I'm looking for a halfway efficient algorithm that, given an input set, generates all total preorder relations from it (or, equivalently, all weak orders). You could also call it all preferential arrangements of n labeled elements.
I have already tried to implement this by first generating all permutations of size n and then collapsing subsequences of those by '~', but this is very inefficient because of many duplicates, and I also missed some results. The size is given by the Fubini numbers 1, 1, 3, 13, 75, 541, 4683, 47293, 545835, ... (OEIS number A000670) and is growing fast with n. I only need the first few, say, until n=8.

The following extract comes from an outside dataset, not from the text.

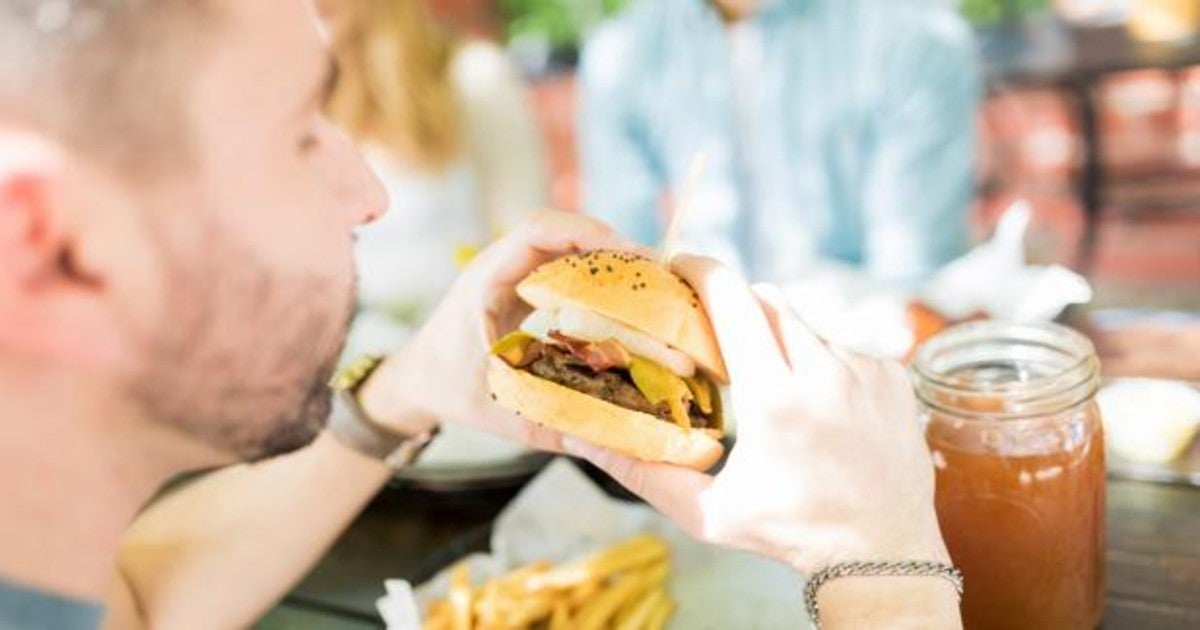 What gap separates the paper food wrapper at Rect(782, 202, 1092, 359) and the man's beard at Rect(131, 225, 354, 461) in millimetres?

Example: For A={a, b, c} with n=3 the result is 13 preorders:
b>a>c, b>a~c, b>c>a, b~c>a, c>b>a, c>a~b, c>a>b, a~c>b, a>c>b, a>b~c, a>b>c, a~b>c, a~b~c
Not too hard. In Python 3:
import itertools
def weakorders(A):
if not A: # i.e., A is empty
yield []
return
for k in range(1, len(A) + 1):
for B in itertools.combinations(A, k): # i.e., all nonempty subsets B
for order in weakorders(set(A) - set(B)):
yield [B] + order
Invoke with, e.g., list(weakorders(range(8))).